Zu guter Letzt sind noch die Achievement-Symbole zu erwähnen. Im Haus sind insgesamt 18 Symbole versteckt (piktografische Zeichnungen an Wänden und einigen Objekten). Hat man eines gefunden, sollte man den Mauscursor für einige Sekunden draufhalten, damit sich das Symbol rot färbt und anschließend auflöst. Wirklich spielrelevant ist das jedoch nicht, hier geht’s wirklich nur darum Achievements einzusacken und dadurch die extrem kurze Spielzeit zumindest ein klein wenig zu strecken.
Grafik und Sound
In grafischer Hinsicht ist Root of Evil ein zweischneidiges Schwert. Das Spiel wurde mit der Unity-Engine erschaffen, weist aber dennoch unangenehm hohe Hardware-Anforderungen auf, welche jedoch nicht so recht nachzuvollziehen sind.
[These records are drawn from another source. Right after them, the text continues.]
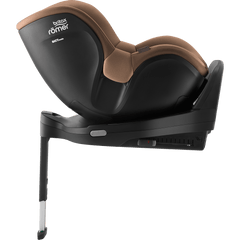 Automobilinė kėdutė DUALFIX PRO M 9-18 kg. Warm Caramel-Lux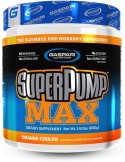 SuperPump MAX Gaspari Cyprus Nutrition Supplements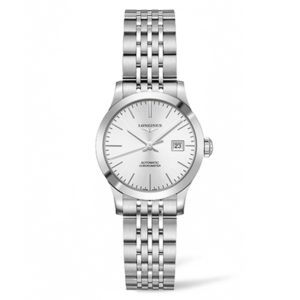 Orologio LONGINES RECORD 30 MM REF. L2.321.4.72.6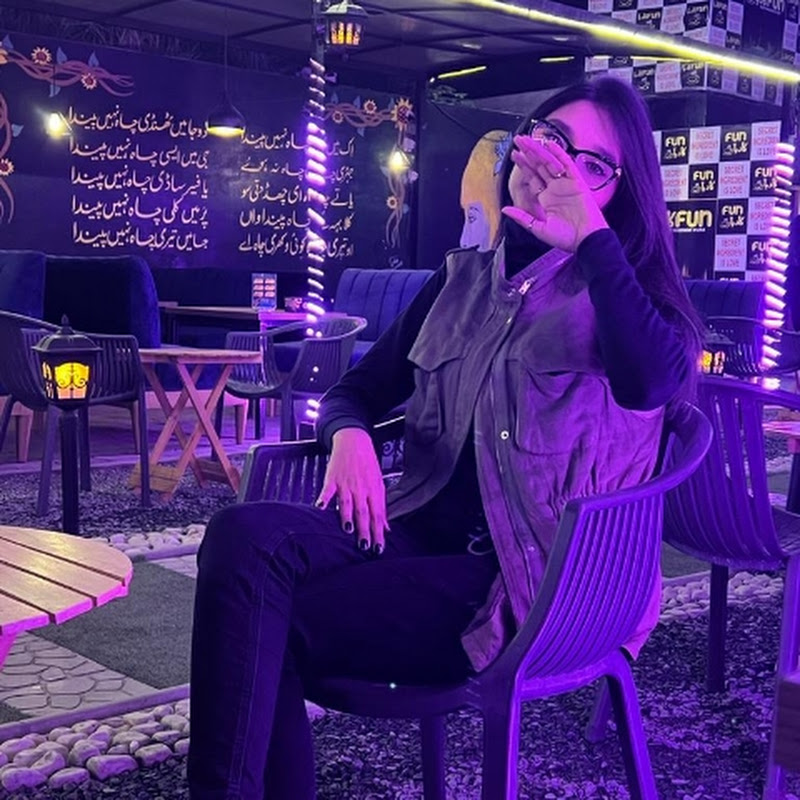 Sayeda Maral🧿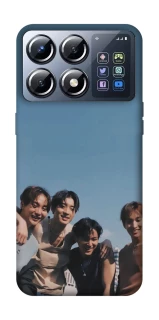 Чохол на Xiaomi POCO X8 Pro Seventeen v2 фото 1 з 1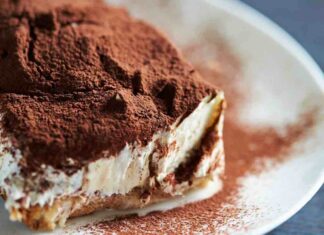 tiramisù light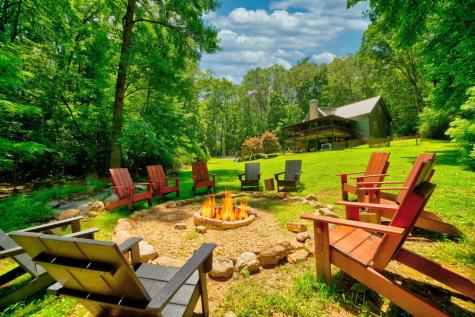 50 Trails End Court Ellijay GA 30536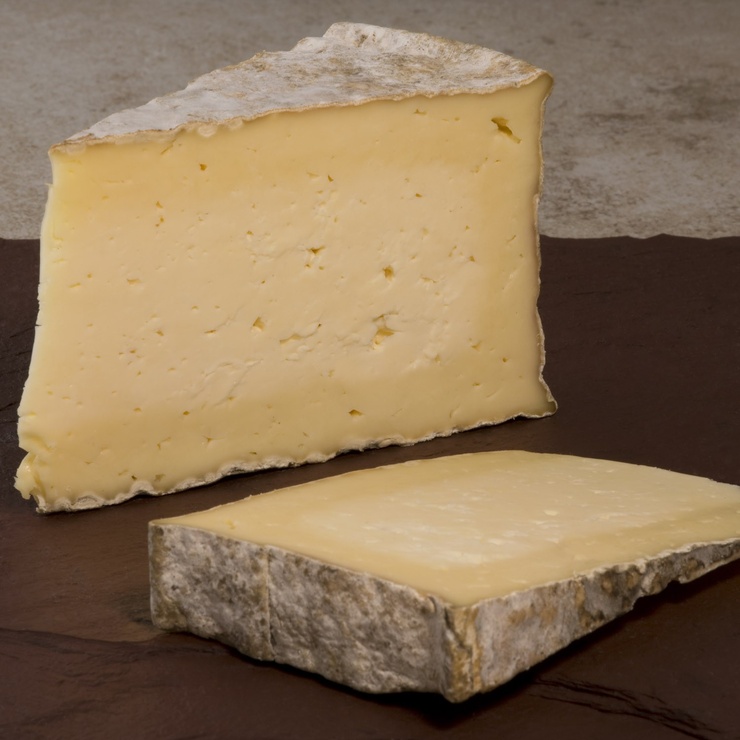 Caerphilly Cheese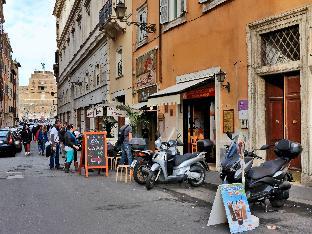 sangallo rooms residenze romanae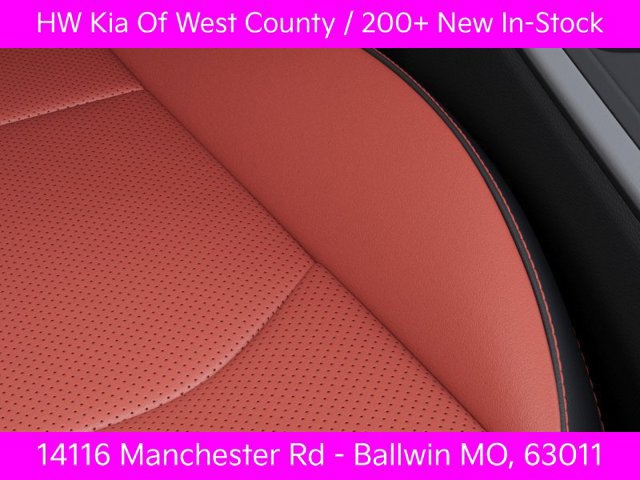 New 2027 Kia K4 GT-Line w/ GT-Line Premium Package FWD image 24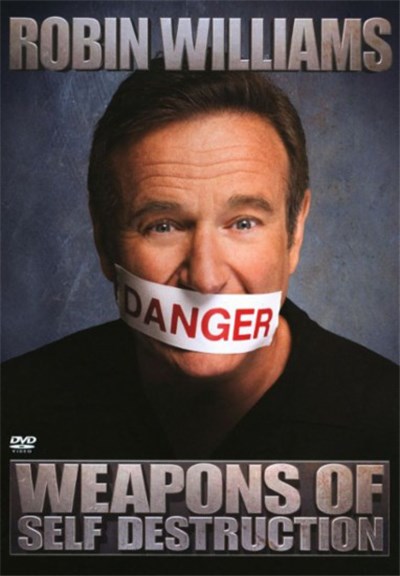 Robin Williams - Weapons Of Self Destruction download mp3 flac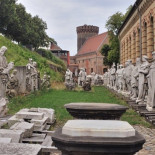 La prisión para estatuas de Spandau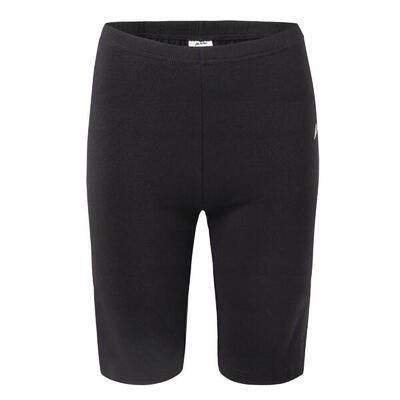 Dames malisa legging shorts (zwart)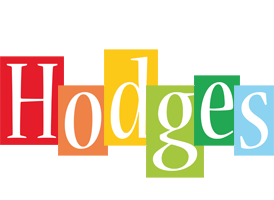 Hodges colors logo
Der allgemeine Grafikflair ähnelt Layers of Fear. Das Haus ist rustikal eingerichtet und es wird viel mit einer geschickten Beleuchtung gearbeitet. Die Qualität der Texturen und Grafik-Assets ist schwankend. Einige sehen gut aus, wie beispielsweise die Wandtapete oder die Statue im Eingangsbereich, andere wiederum wirken sehr billig, wie zum Beispiel das Geschirr in der Spüle oder der Sicherungskasten. Auffällig minderwertig sind jedoch in erster Linie die Charaktermodelle. Diese wirken, als ob sie aus einem PC-Spiel stammen, welches schon mindestens 15 Jahre auf dem Buckel hat. Das fügt der Gruselatmosphäre natürlich einigen Schaden zu. Es fällt eben schwer sich vor Spinnen zu fürchten, die aussehen wie Kinderspielzeug und sich bewegen wie Aufziehpuppen. Dann sind da noch kleinere Grafikfehler wie der Kamin, wo man sieht, wie durch die obere Steinabdeckung Rauch aufsteigt.
Aber ich will die Grafik auch nicht schlechter reden als sie ist. Für ein Ein-Mann-Projekt wurde hier schon gute Arbeit abgeliefert. Die Opulenz und den künstlerischen Anspruch eines Layers of Fear sollte man aber definitiv nicht erwarten.
Das was mich jedoch sehr genervt hat waren die lauten Ventilationsgeräusche meiner Grafikkarte, welche mir fast genauso viel Angst eingejagt haben wie die Jump-Scares (man will schließlich nicht, dass der Rechner abraucht). Hier haben sich die hohen Hardwareanforderungen deutlich bemerkbar gemacht. Das wäre auch völlig in Ordnung gewesen, wenn Root of Evil über eine waschechte AAA-Top-Grafik verfügen würde, was jedoch einfach nicht der Fall ist. Es ist eben ein Unity-Engine-Spiel, was man stellenweise auch deutlich sieht. Solch ein Spiel sollte auf einem Rechner, der weitaus hübschere Spiele ohne Probleme stemmen kann, keine schwitzende GraKa erzeugen. Da macht sich einfach eine schlechte Optimierung bemerkbar. Das ist schade, denn gerade die Adventure-Zielgruppe für solch ein Spiel verfügt nicht unbedingt über die stärksten Rechner.
Der Soundtrack bietet nur typische Spukmelodien, welche ihren Zweck erfüllen, jedoch nach Abschluss des Spiels sofort wieder aus dem Gedächtnis erblassen. Die Sprachausgabe, welche hauptsächlich aus den Schilderungen der Schneiderin und deren Ehemann besteht, wirken amateurhaft, aber bemüht genug, dass sie nicht störend oder peinlich wirken. Eine Glanzleistung sollte man selbstverständlich nicht erwarten. Was jedoch überzeugen kann, sind die Geräuscheffekte, wie zum Beispiel Streit- und Kampfgeräusche hinter verschlossener Tür, das Knistern des Kamins, das Tuten des Telefons. Dieser Aspekt der Akustik wirkt überraschend kompetent.